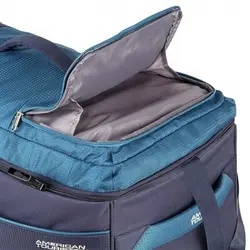 ساک چرخ دار امریکن توریستر مدل B 1900051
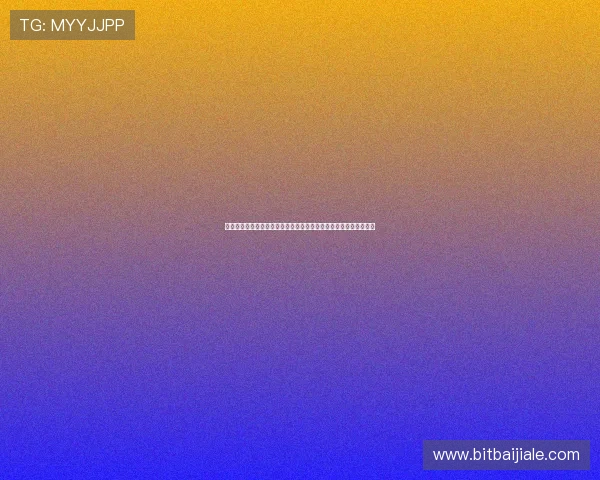 欧宝视讯：体验最流畅的在线娱乐新方式，开启精彩无限的视听盛宴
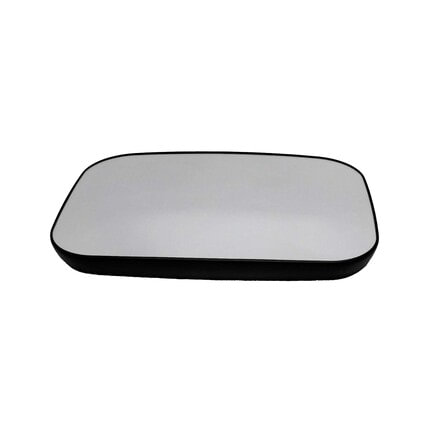 Heated Power Door Mirror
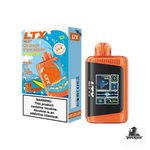 LTX NEXT 50K DISPOSABLE VAPE – View 14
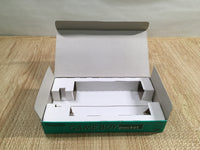 LG3317 GameBoy Pocket Console Box Only Console Japan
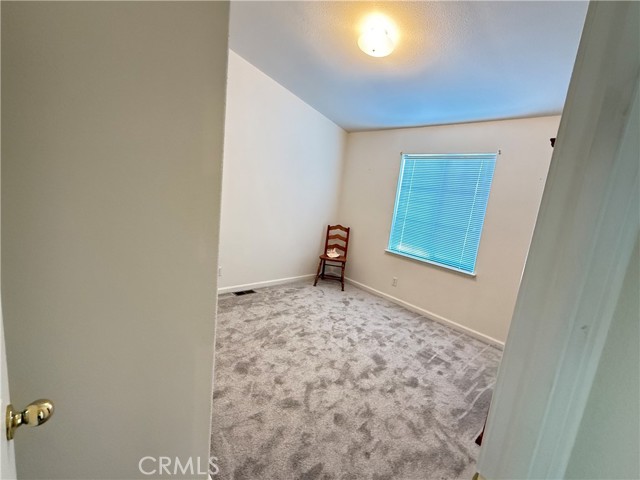 1547 White Pine Drive # 53, Morro Bay, California 93442, 3 Bedrooms Bedrooms, ,2 BathroomsBathrooms,Manufactured In Park,For Sale,1547 White Pine Drive # 53,CRSC25092826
☆ ☆ ☆ ☆ ☆ ☆ ☆
• _Work to complete_
Your copy should hold every entry exactly as written, but none of the pictures.

• _Solution to the exercise_
 ساک چرخ دار امریکن توریستر مدل B 1900051
 欧宝视讯：体验最流畅的在线娱乐新方式，开启精彩无限的视听盛宴
 Heated Power Door Mirror
 LTX NEXT 50K DISPOSABLE VAPE – View 14
 LG3317 GameBoy Pocket Console Box Only Console Japan
 1547 White Pine Drive # 53, Morro Bay, California 93442, 3 Bedrooms Bedrooms, ,2 BathroomsBathrooms,Manufactured In Park,For Sale,1547 White Pine Drive # 53,CRSC25092826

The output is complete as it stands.